Beginning with the line containing "2016 Map of Long Hollow, 2016 Print" and ending at the last line of the records, transcribe each line exactly. Do not include pictures.

Caption-style text data:
---------------
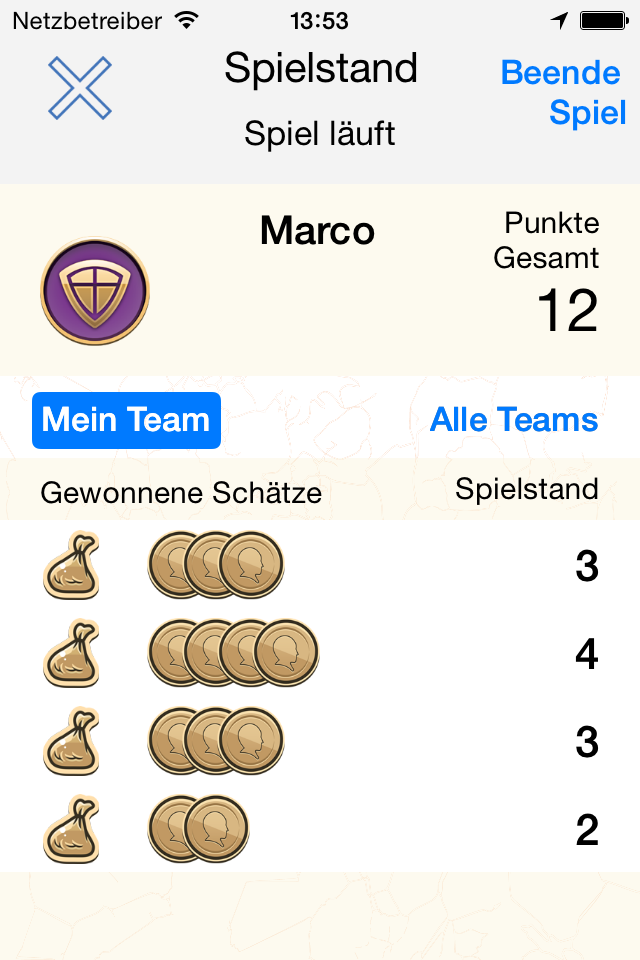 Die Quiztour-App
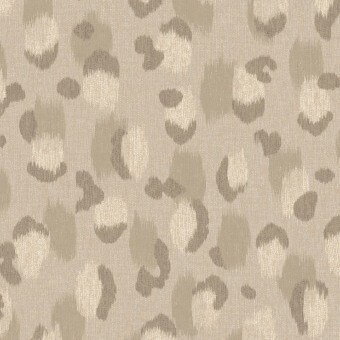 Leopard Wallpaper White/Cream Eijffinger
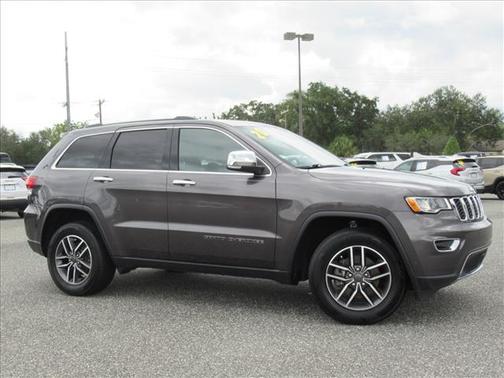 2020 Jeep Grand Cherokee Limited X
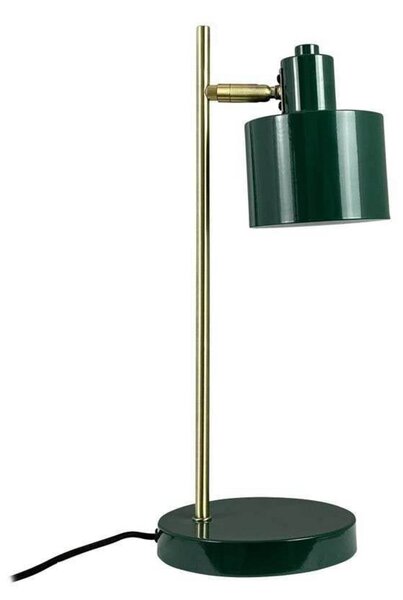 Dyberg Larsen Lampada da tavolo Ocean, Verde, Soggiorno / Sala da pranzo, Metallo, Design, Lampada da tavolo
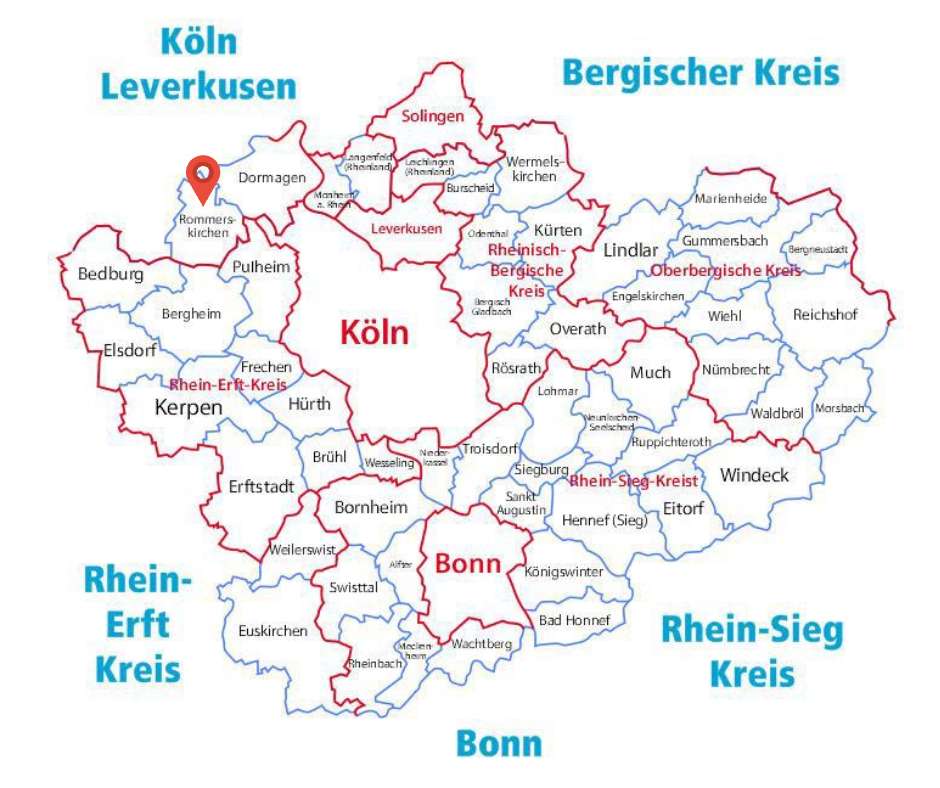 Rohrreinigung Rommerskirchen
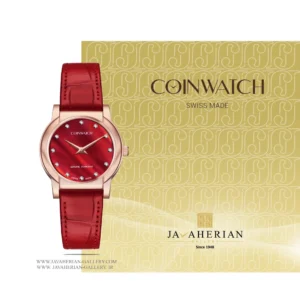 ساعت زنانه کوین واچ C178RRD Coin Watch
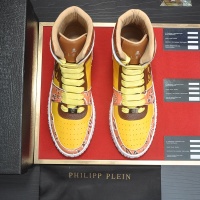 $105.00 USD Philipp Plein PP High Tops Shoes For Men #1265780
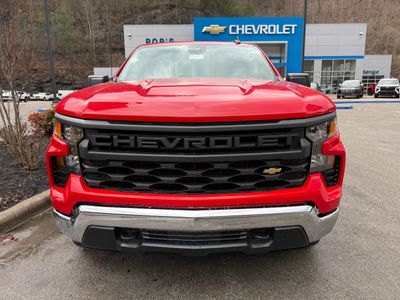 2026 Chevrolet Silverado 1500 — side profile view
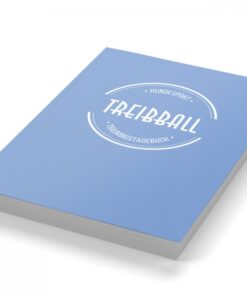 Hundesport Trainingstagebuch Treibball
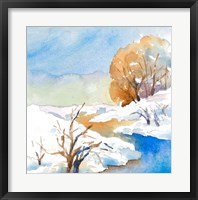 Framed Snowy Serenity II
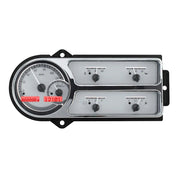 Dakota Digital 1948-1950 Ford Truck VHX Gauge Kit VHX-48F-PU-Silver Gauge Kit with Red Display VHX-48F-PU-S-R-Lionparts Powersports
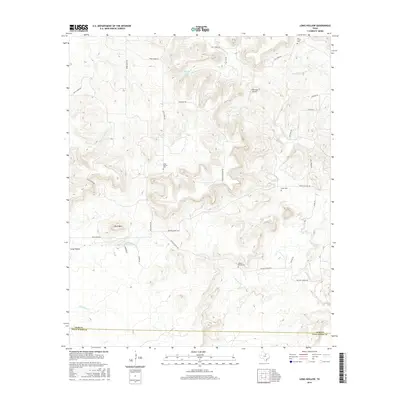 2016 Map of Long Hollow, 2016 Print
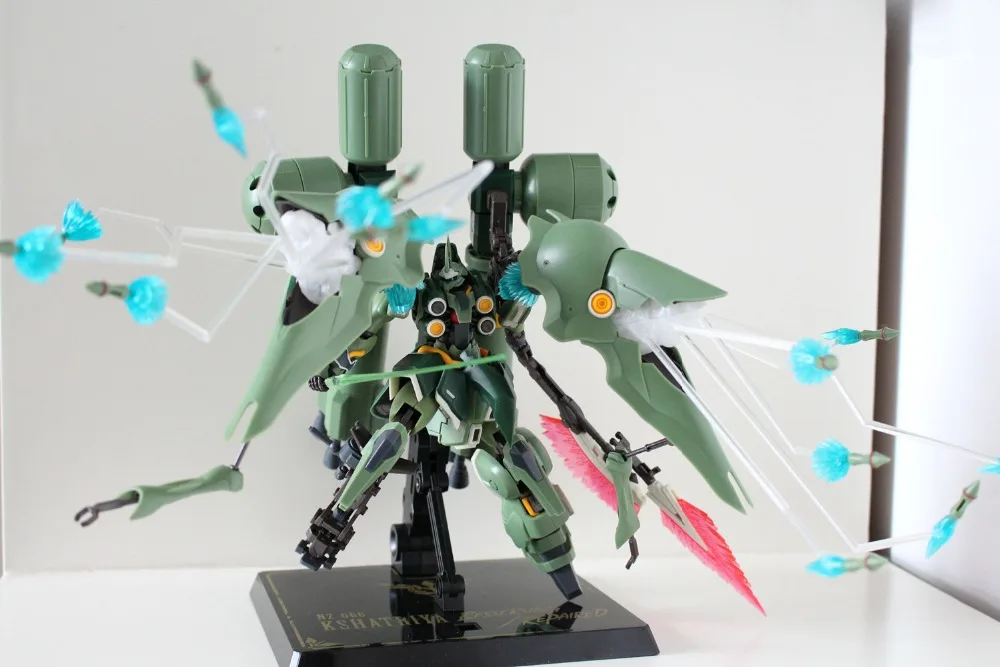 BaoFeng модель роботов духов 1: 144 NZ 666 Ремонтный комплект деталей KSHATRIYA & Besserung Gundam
---------------
OUTPUT FOR THIS EXERCISE:
 2016 Map of Long Hollow, 2016 Print
 BaoFeng модель роботов духов 1: 144 NZ 666 Ремонтный комплект деталей KSHATRIYA & Besserung Gundam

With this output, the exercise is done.